The plot on Voyager should have been so much better. When I realised the set-up I figured this would be an excellent opportunity to show some dissent amongst the crew now that the two main leaders are gone, but instead we just got a standard "Vulcan as captain being too logical for emotional crew" storyline. The Galileo Seven, The Gamesters of Triskelion, That Which Survives... TOS covered this concept 30 years ago. TNG even did a few of these episodes with Data, nothing new or interesting was brought to the table. I liked the fact that Kim finally got to do something, but that wasn't enough to save this story. And Tuvok changed his mind far too easily after Kes talked to him.

What works in this episode is the J/C stuff on the planet. Both of their characters come to life in new and interesting ways once the pressures of command are taken off their shoulders, and I really liked Chakotay in this episode. What I didn't like was the monkey, it was a metaphor for something but I'm damned if I know what and it just came across as silly.

What bothers me is the ambiguity of the ending. Some might say that it was supposed to be that way so that we could use our imagination to fill in the missing scene, but I think it was a cowardly attempt to shy away from any consequences. They could have kissed, they could have cuddled, they could have had the most passionate night the Delta Quadrant has ever seen! Or they could have made some soup in the bathtub to eat over the next few weeks. We'll never know.

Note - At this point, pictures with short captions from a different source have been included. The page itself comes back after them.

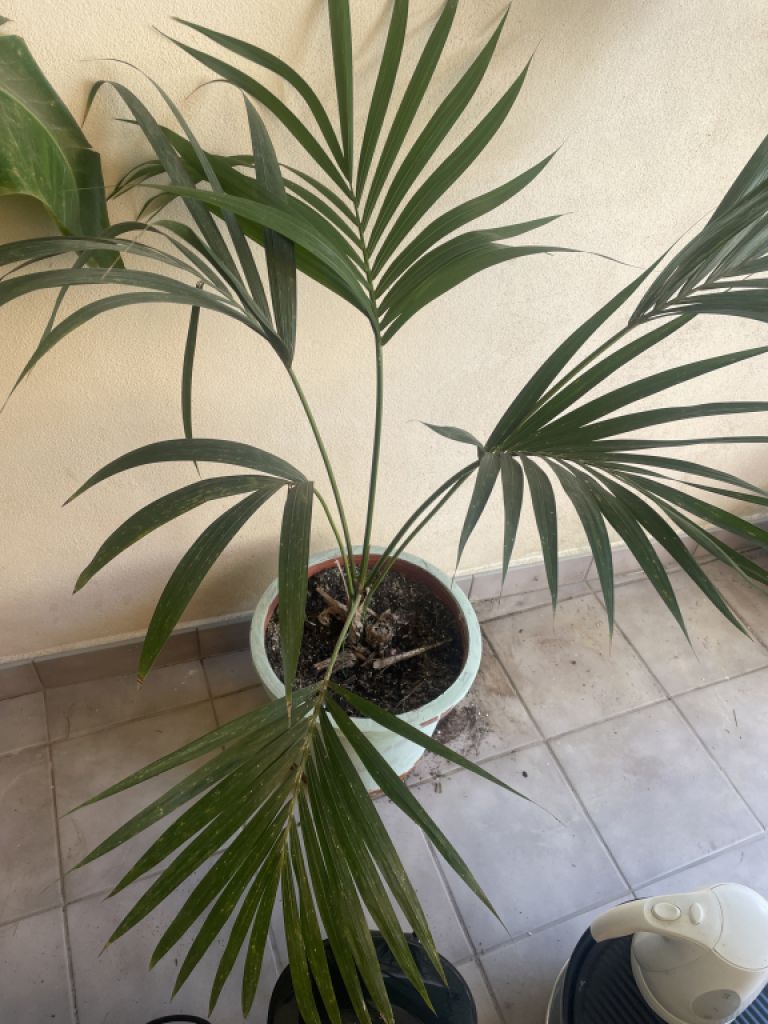 Various types of palm trees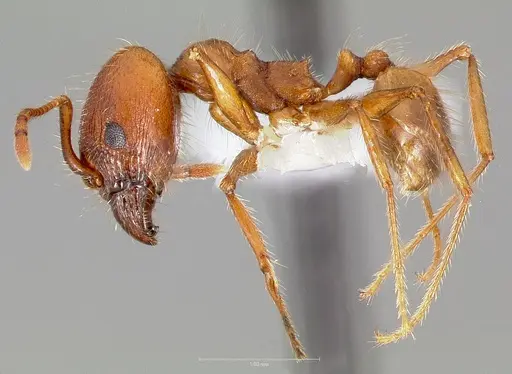 Pheidole hyatti specimen CASENT0005738 image casent0005738_3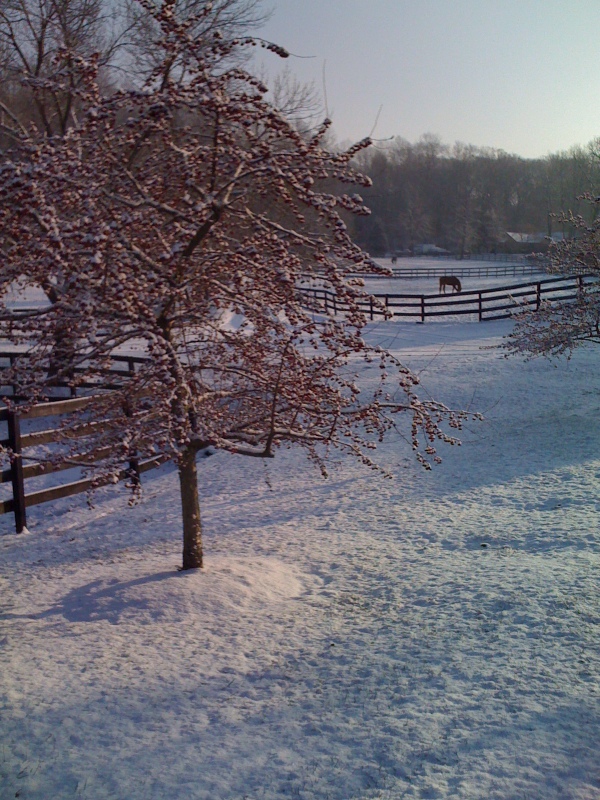Photo Tour Bright View Farm
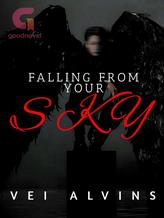 Novel Falling From Your Sky by Vei Alvins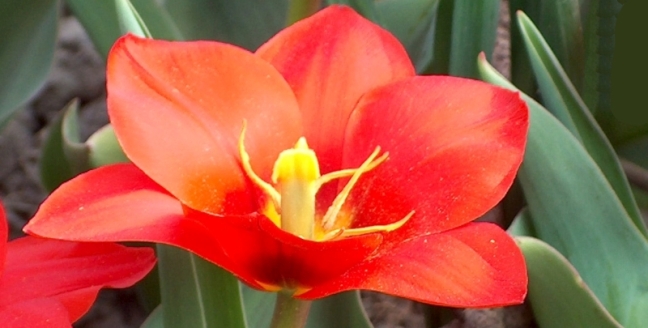 tulipa_170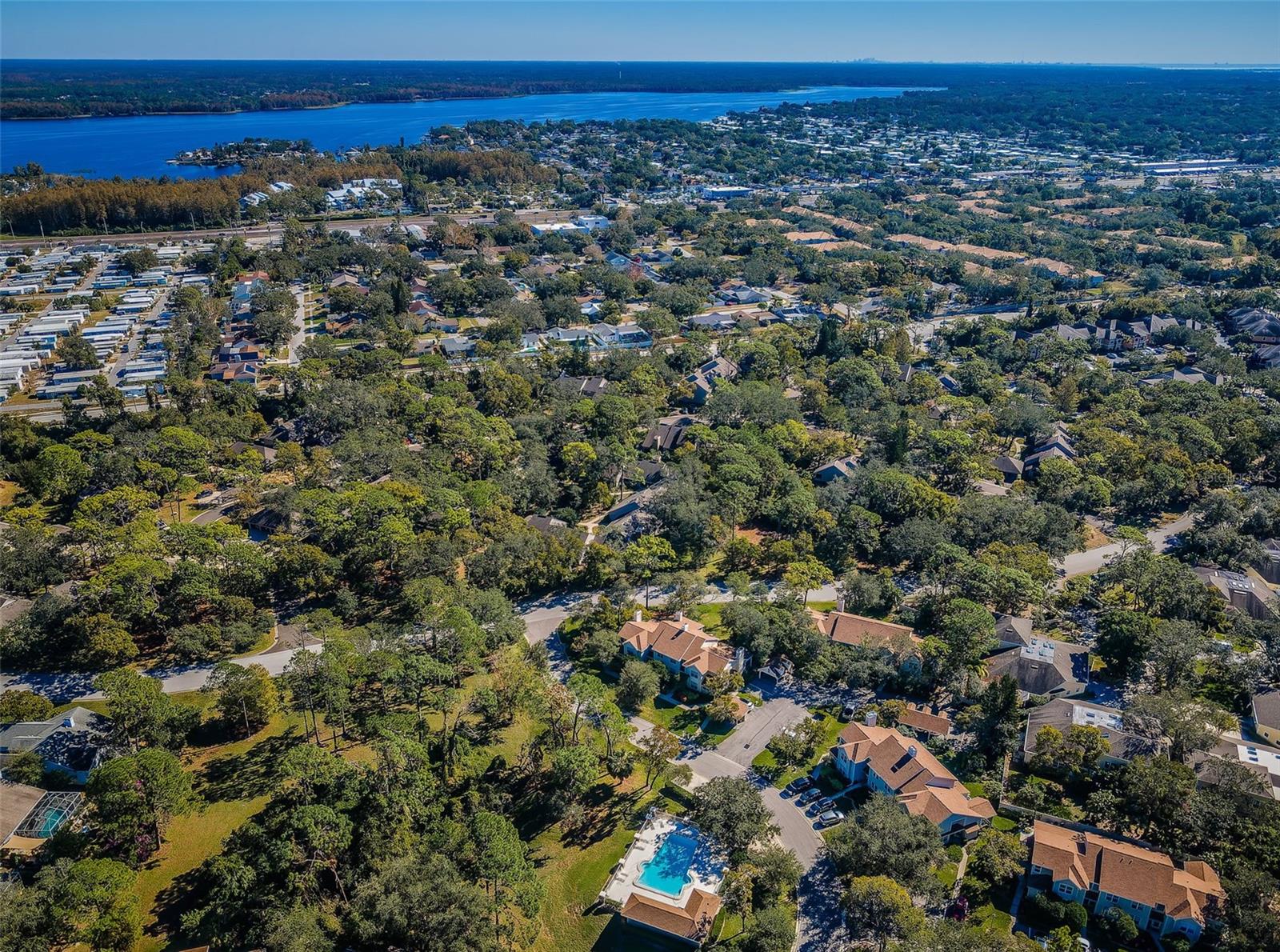 Pool Aerial View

This reminds me an awful lot of the BSG episode Unfinished Business, that episode showed Roslin and Adama getting high on New Caprica and snuggling up out in the wilderness, but we are never told if they did anything more. (Unless that was on the extended cut which they didn't put on the R2 DVDs. :mad:) The difference is that that scene is where Roslin first starts talking about building a cabin, and this has an emotional resonance throughout the rest of the series, ending with an absolutely beautiful shot in the finale. I don't remember Resolutions having much weight later in the series.

The scenes on the planet are good, the scenes on Voyager are not, they copped out in the ending and the whole thing was a little rushed.
 
Re: A Hater Revisits Voyager

What a surprise. I agree with GodBen again. (How's that ego going, champ?) ;)

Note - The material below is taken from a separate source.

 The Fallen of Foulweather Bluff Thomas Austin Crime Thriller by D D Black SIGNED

Most members of the VGR forum know that while I can definitely appreciate the chemistry between the two, I'm not a J/C shipper for the practicality argument - I think Janeway and Chakotay should have acted like grownups on the ship and having a relationship would be a violation of the chain of command and the best interests of the crew. To me, it's best played with tension, not consummation, because it kind of steals a sense of authority/credibility from their characters. I've gone into it before in the J/C thread and don't want to do it again here.

However...

For 'Resolutions,' I would have been fine with seeing that Janeway and Chakotay had given up on ever getting home and decided to act on those feelings here, and then had to deal with what they had done for the rest of the show. I don't really feel like we ever saw any indication of them dealing with anything, so that, combined with the purposeful ambiguity of the episode, seems to indicate to me at least that whatever happened, it wasn't so major as for them to not get over it. Still, it's rather enjoyable. Overall, I think VGR was often guilty of implying things happened and not actually dealing with the consequences of what was implied to have happened.

And I agree that the B-plot was rather boring and predictable and that the plot device used to get Janeway and Chakotay on the planet was pretty forced and technobabbly, especially after, as GB points out, we saw two people combined into one and then separate again last episode.

In essence:
The scenes on the planet are good, the scenes on Voyager are not, they copped out in the ending and the whole thing was a little rushed.
Overall, an enjoyable outing riddled with missed opportunities and occasional missteps.
 
Re: A Hater Revisits Voyager

GodBen, every day I read your reviews and I like them.
Although I`m a great Voyagerfan I have to admit, that you are right with many of your statements. And I think I still will be a great Voyagerfan after reading all of your reviews, because I like the crew.
I have to admit that I was a little nervous when I saw that you now have written a review to Resolutions because I VERY like this episode (except of the ending) and it`s one of my alltime fav episodes.
I can say you are right with that episode once more. I have to agree.
I`m very glad you liked the scenes on the planet and you liked Chakotay on the planet. So do I.
 
Last edited:
Re: A Hater Revisits Voyager

I'm not a shipper at all; I would be reading Harlequin romance novels if I was into that stuff. I agree with GodBen though that they missed a golden opportunity here. Janeway and Chuckles should have done the nasty in this episode. It would have really complicated the Captain/First Officer professional relationship and generated interesting story possibilities.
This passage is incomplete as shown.